I will say this give me locking hubs and a stick shift transfer case! My best friend had a 90 Chev that when it got real cold say -30 took 100yds or more of driving before it went into 4 wheel drive. 
I don't think you damaged anything in the T case, as to the hub's I don't know but would think your okay as long as you were not heavy on the pedal wile it was thinking if it should go into 4 wheel drive.


----------



## Torin (Dec 20, 2009)

I hope you're right. It happened once on the highway going 65mph. It would make a heck of a noise as they grind, trying to engage, then it seemed they would catch & a serious clunk under your feet which I think was the transfer case. 
I was pulling my trailer out of the snow tonight & discovered I do not have 4wd low. I will check it again but, it may be going back to the dealer.


----------



## Walt41 (Dec 20, 2009)

I don't want to be the one to say it but, at 65mph nothing good can come from those things trying to engage themselves. If you could feel it in the cab, imagine what was going on in the transfer case.

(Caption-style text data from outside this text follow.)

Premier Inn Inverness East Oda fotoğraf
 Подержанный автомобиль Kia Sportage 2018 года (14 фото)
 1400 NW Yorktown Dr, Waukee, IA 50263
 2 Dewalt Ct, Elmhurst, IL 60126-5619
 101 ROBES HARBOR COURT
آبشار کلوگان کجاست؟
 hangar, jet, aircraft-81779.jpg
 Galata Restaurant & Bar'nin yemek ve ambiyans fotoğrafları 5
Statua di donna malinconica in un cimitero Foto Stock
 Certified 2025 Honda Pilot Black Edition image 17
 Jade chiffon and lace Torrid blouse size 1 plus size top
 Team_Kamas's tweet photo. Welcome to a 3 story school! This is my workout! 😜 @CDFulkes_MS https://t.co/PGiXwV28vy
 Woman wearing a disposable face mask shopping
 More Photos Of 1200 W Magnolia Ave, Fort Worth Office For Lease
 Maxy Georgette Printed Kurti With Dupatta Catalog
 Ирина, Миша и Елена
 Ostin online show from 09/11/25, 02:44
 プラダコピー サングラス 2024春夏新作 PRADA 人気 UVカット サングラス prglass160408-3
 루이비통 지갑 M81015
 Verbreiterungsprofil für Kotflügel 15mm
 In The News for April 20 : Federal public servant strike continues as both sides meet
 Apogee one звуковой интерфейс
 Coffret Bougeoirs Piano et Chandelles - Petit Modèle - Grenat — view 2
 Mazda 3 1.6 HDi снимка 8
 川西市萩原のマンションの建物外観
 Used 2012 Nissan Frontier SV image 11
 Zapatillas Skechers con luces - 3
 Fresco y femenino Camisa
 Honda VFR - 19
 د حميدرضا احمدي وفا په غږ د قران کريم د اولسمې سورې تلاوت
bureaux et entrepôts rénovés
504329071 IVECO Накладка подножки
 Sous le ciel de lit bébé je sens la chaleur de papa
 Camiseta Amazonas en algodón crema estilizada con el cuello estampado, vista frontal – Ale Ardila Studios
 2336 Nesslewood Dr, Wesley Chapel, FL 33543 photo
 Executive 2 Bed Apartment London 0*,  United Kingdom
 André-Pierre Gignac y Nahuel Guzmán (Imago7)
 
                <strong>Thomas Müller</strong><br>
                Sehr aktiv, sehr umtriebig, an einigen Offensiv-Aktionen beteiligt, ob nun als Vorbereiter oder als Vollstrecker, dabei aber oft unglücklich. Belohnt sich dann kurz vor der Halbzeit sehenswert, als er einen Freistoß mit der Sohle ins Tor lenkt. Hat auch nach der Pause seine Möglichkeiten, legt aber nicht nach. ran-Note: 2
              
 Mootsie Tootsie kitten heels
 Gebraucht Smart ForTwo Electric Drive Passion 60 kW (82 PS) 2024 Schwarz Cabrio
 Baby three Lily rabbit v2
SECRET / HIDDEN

If it were me, I would show up with a couple dozen donuts at my ford dealer and have a civilized conversation with the service manager, he should be able to swap in what is necessary. Also, have them check for any open TSBs on your truck in their Vincent system.


----------



## Torin (Dec 20, 2009)

I agree. I discussed it with them, when they said they need to witness the problem & had not been able to. I basically said that if they look at the hubs, there has to be visible evidence of the problem. It is grinding into engagement, it has to leave scars. After they finally "fixed" the problem, I asked specifically if they checked the rest of the front drive train & they told me they did & found no damage. I got a feeling I'll discover more issues after the warranty is up.


----------



## Walt41 (Dec 25, 2009)

Ford has "zone service representatives" that work for corporate. Basically they have meetings with folks who are having an intermittent or other problem the dealer has been unable to fix. A face to face or even a request for a meeting with such a person should have the desired effect.


----------



## Torin (Dec 28, 2009)

Well, I have 4 low working. I was trying to engage in park & I needed to be in neutral. I checked the owners manual & didn't find it. At least the service rep didn't call me an idiot (while I was there), sure felt like one though.
4wd engages smooth, so unless I want to disassemble things on my own & I don't, I'll have to assume no/minimal damage to the driveline from the hubs engaging on their own.


----------



## Woodman 460 (Dec 28, 2009)

*4x4 hubs*

Hi, i'm a tech at a Ford dealer in Canada and we see this all the time. Usually the vacuum solenoid fills with water and causes a failure.The 4x4 will do all kinds of funny stuff. We generally replace the solenoid and install a new water sheild. See if there is a "rain hat" as it is called on the passenger side firewall area. It should be covering the new solenoid. As for the damage caused by the hubs engaging-I have seen some that have excessive metal chunks and some with almost no metal inthe hub area. It really all depends. You may want to take it to another dealer if the one you are going to isn't being thorough. I know how it works and they would rather change the least amount of parts as possible.

I have never ever seen damage to the transfercase or hubs,usually only the wheel bearing becomes full of metal grit.They will still be operable and probably last just as long. I have never even seen a bearing fail on the 04-current f-150's. I hope this helps.


----------



## Torin (Dec 28, 2009)

Thanks Woodman, I'll look for the rain hat.


----------



## PB (Dec 28, 2009)

Is this occurring with an electronic engagement I assume? I have a '08 F150 with a stick 4WD engagement, should I be worried? No problems so far.


----------



## Torin (Dec 28, 2009)

Mine has the switch on the dash. I'm not sure if your hubs engage the same as mine. I believe mine are dis-engaged & held out by a vacuum. The vacuum leaks & my hubs try to engage.


----------



## KodiakKen (Dec 28, 2009)

*Ford has vaccuum problems*

I had a lot of problems with the 1/2 tons I had in the past. went to 3/4 ton and as soon as I flipped the switch(in the right gear) I could hear the solenoids working. BTW my half ton starter would keep cranking after I let off the key..scared the hell out of me..jumped out of the truck and waited for catasrophic failure..nothing..opened the hood..nothing out of place..got under..nothing leaking..got back in..shut off the ignition..starter still cranking...wtf....turned the ignition back to run position and popped the clutch in second to kill it..never had the same problem. stupid ford one wire starter system..as for the 4wd..20k miles..beat the shi* out of it..shift it once at 85 and let them replace it all. my .02


----------